Although sex is a frequent guest in serialized entertainment, sensuality that caters to women is as rare as a snow leopard sighting. Seeing "Bridgerton" fall down on this front, then, is especially disappointing – doubly so in a time when examples of series that excel in depicting intimacy are readily available.

"Outlander," for one. The drama staked out its territory with its famous 2014 wedding episode where Claire and Jamie spent as much time talking about who they are and what they want as they did with slowly drinking in each other with their eyes. The entire episode was an exercise in methodical tantalization, as much for the couple as for the viewer. They even took their time getting to the first kiss, and once they finally did, we melted.

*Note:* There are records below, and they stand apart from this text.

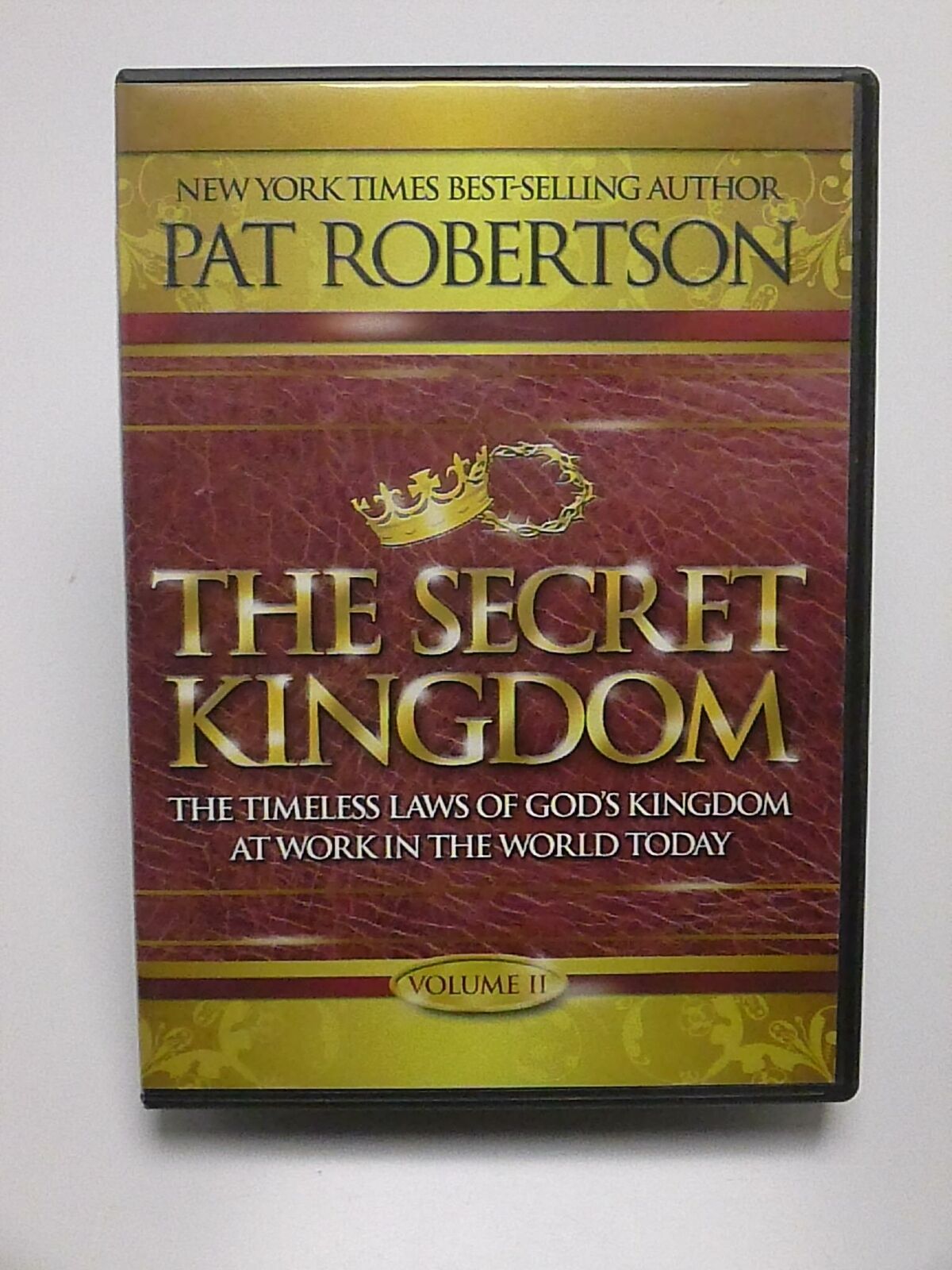 The Secret Kingdom Volume 2 (DVD, Pat Robertson, 2010) - L02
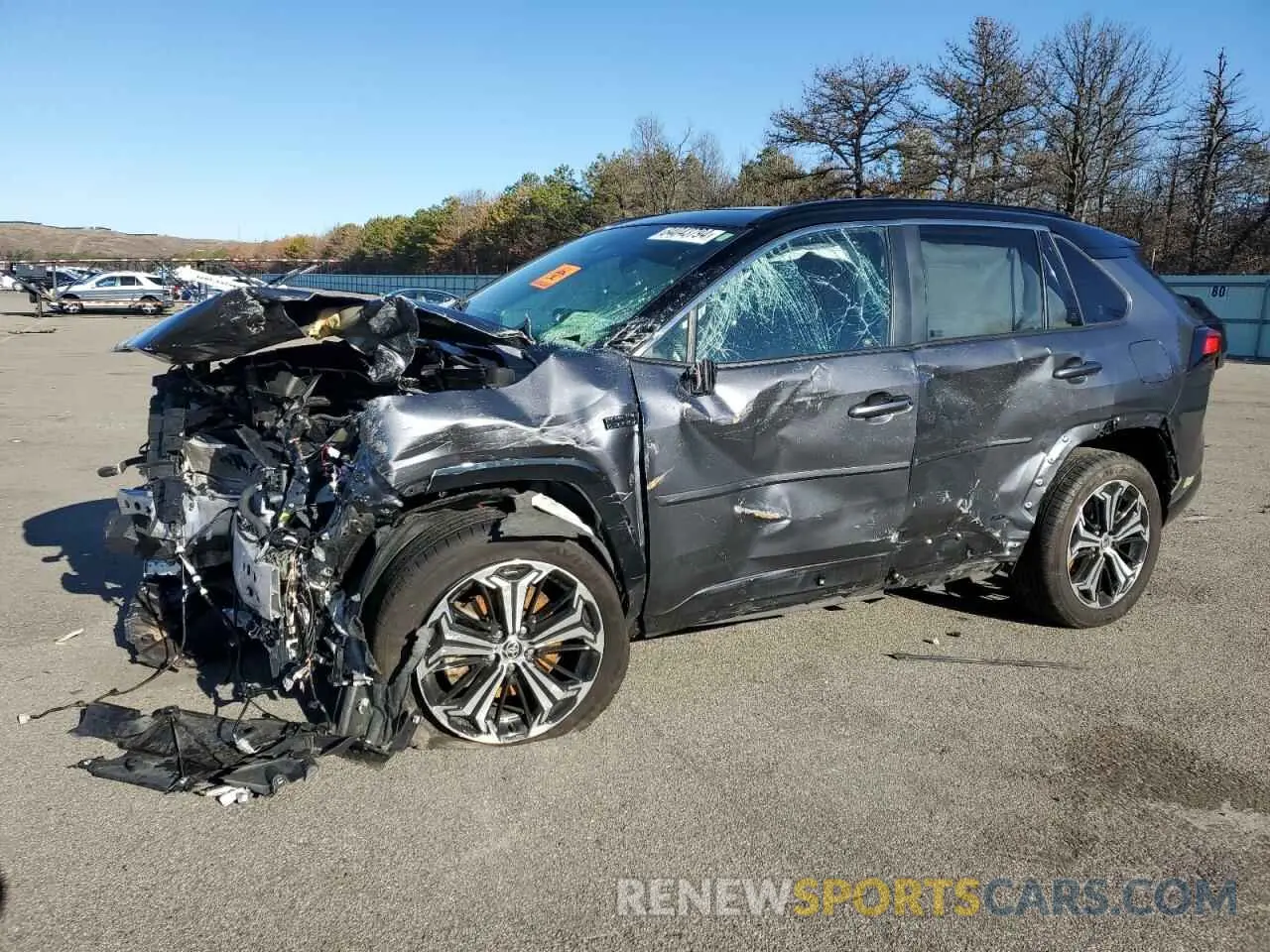 1 fotografías del automóvil dañado JTMEB3FV4PD154752 TOYOTA RAV4 2023
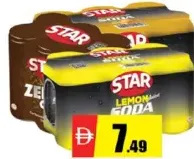 Star صودا ليمون / زنجبيل / كمون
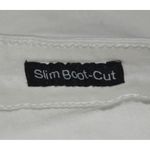 Needle & Cloth Ladies White Denim Jeans Size 14 Slim Boot Photo 6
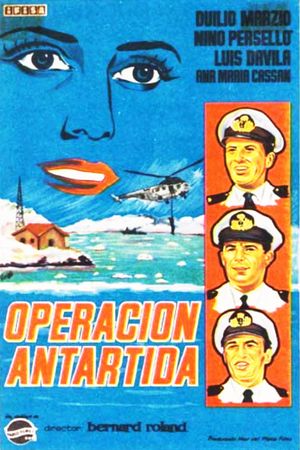 Operación Antartida's poster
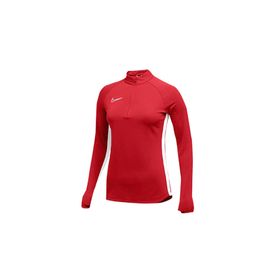 Nike AO1470-671 Kırmızı Dry Acdmy19 Drıl Top Kadın Sweatshirt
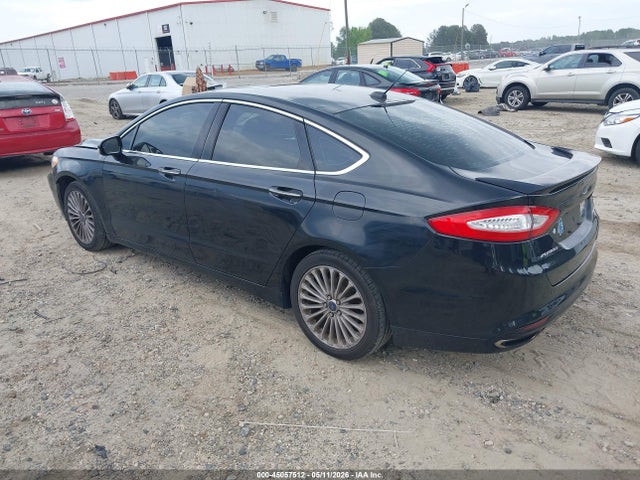 45057512 :رقم المزاد ، 3FA6P0K96FR267997 vin ، 2015 Ford Fusion Titanium مزاد بيع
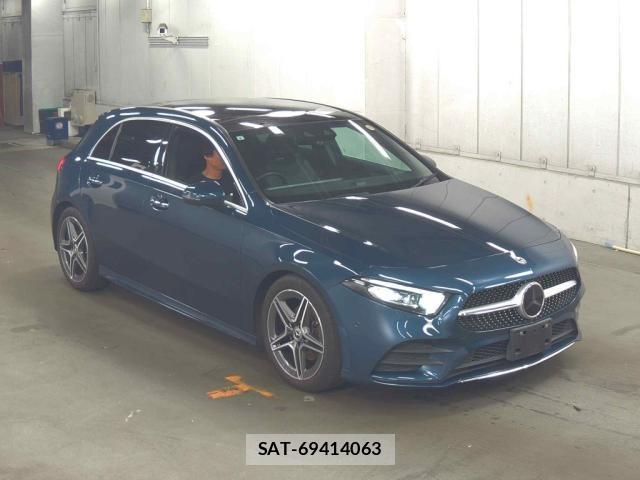 Mercedes Benz A-CLASS 2021-08 8649092-0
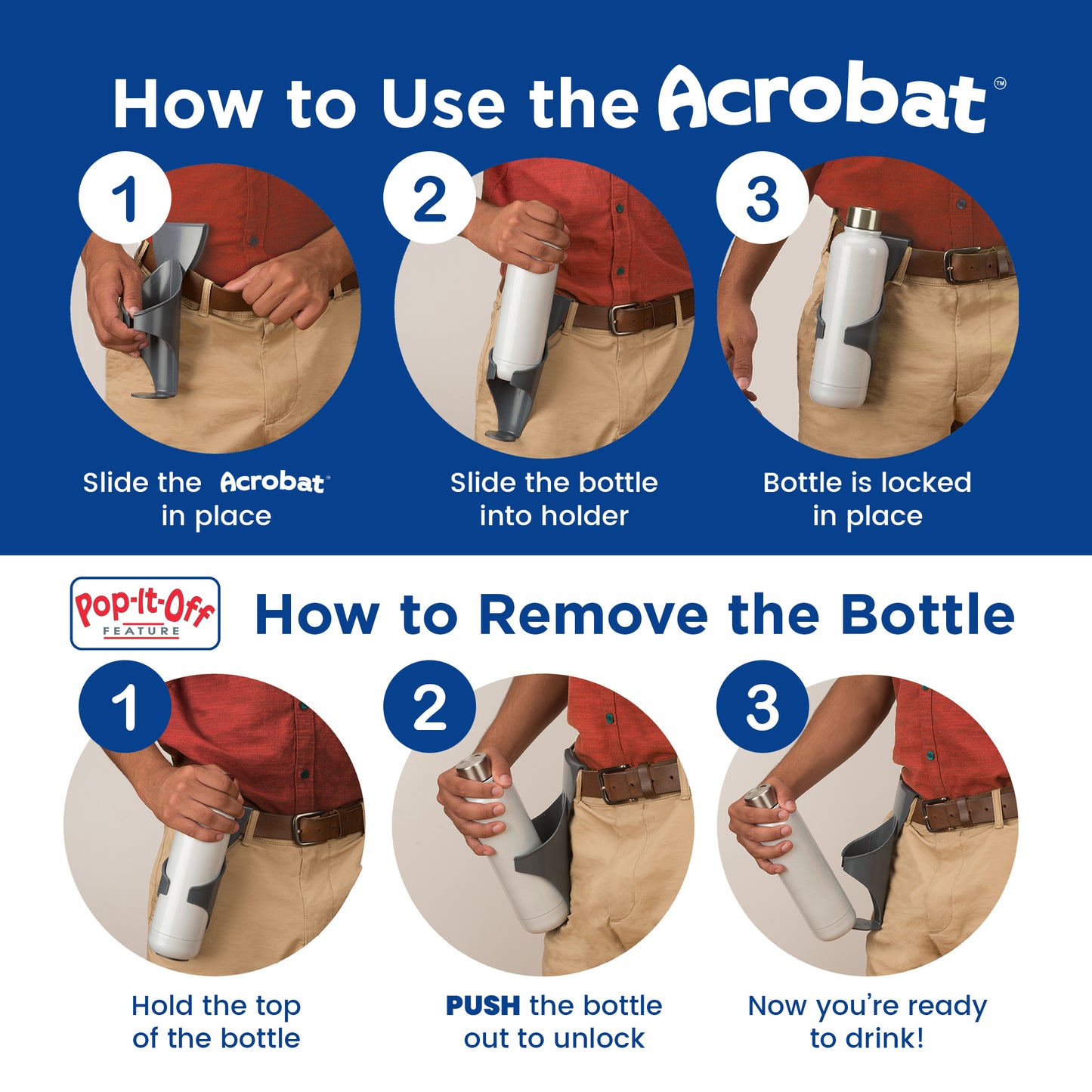 Acrobat Bottle Holder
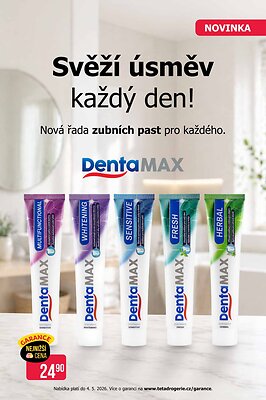 aktuální leták Teta drogerie 23.4.2026-4.5.2026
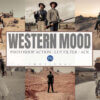 7 western mood photoshop actions - ByPresets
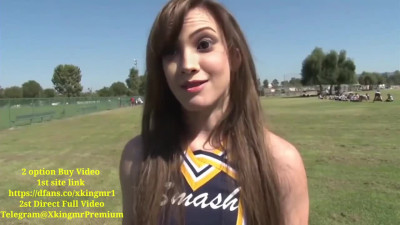 Adaa Khan Cheerleader before the big game(FHD)-Trailer[Full50:41]4K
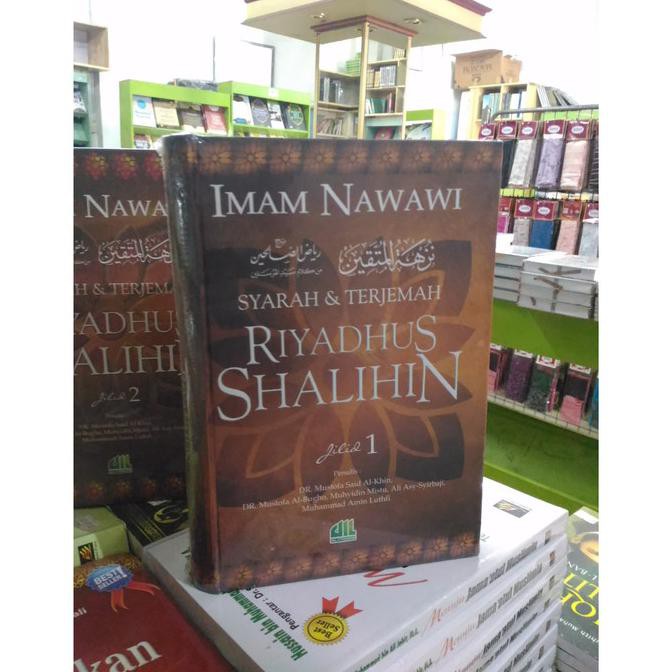 Riyadhus Shalihin Jilid 1 Terjemah Nuzhatul Muttaqin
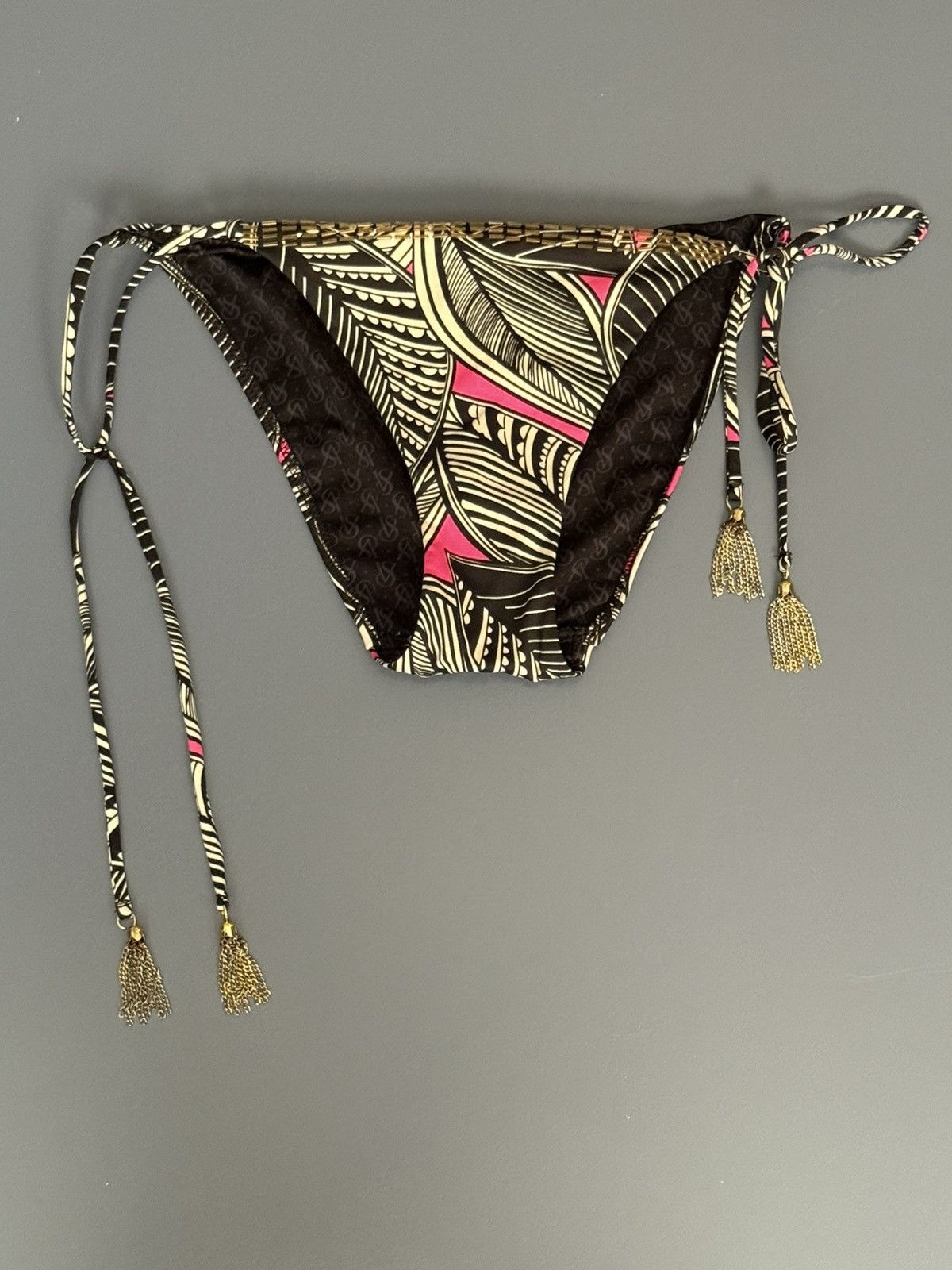 Victoria's Secret Y2k Rare VS Swimsuit Bottoms Size 27" / US 4 / IT 40 - 10 Thumbnail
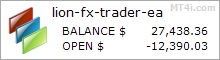 Lion FX Trader Bot - Live Account Trading Results Using EURUSD Currency Pair - Real Stats Added 2016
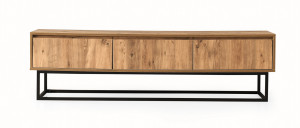 Comoda TV Tılsım 180 Negru-Pine - Img 4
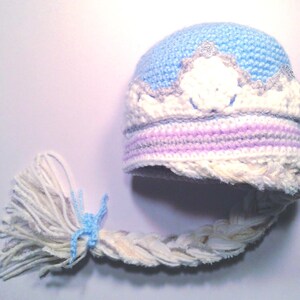 Stitches by Julie 4 Kids, Character Hats, Queen Elsa Hat, Elsa Hat With Braid, Pumpkin Hats, Clarisse Reindeer Hat, Olaf Hat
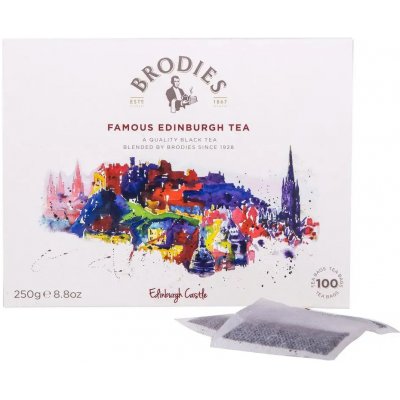 Brodies Famous Edinburgh Tea 100 x 2,5 g – Zboží Mobilmania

That was years ago; how about 2020? The year that was yielded "Normal People," Hulu's tender heartbreak of a series about a pair of high school kids whose secretive love affair is depicted in passages that are so erotic as to make a person watching it alone feel like a pervy spy. Chalk that up to the actors' white-hot chemistry, carefully choreographed movements, and realistic lighting. Marianne and Connell don't need candles glowing or manipulative melodies to convey the urgent hunger they have for one another. It is laid bare in front of our eyes.

"Bridgerton" wraps pleasure in brocades and high ceilings and sugar, with the belief that this is enough to arouse the viewer who is as starved to gaze upon vicariously erogenous pleasure as they are to feast on the sight of a prettier world. It is not.

Presumably there will be another season, which the producers should accept as a license to be bolder with its eroticism. If the goal is to immerse us in romance and sensuality, then take time and get those private moments right. Trust that slowing down will only make people want to binge more.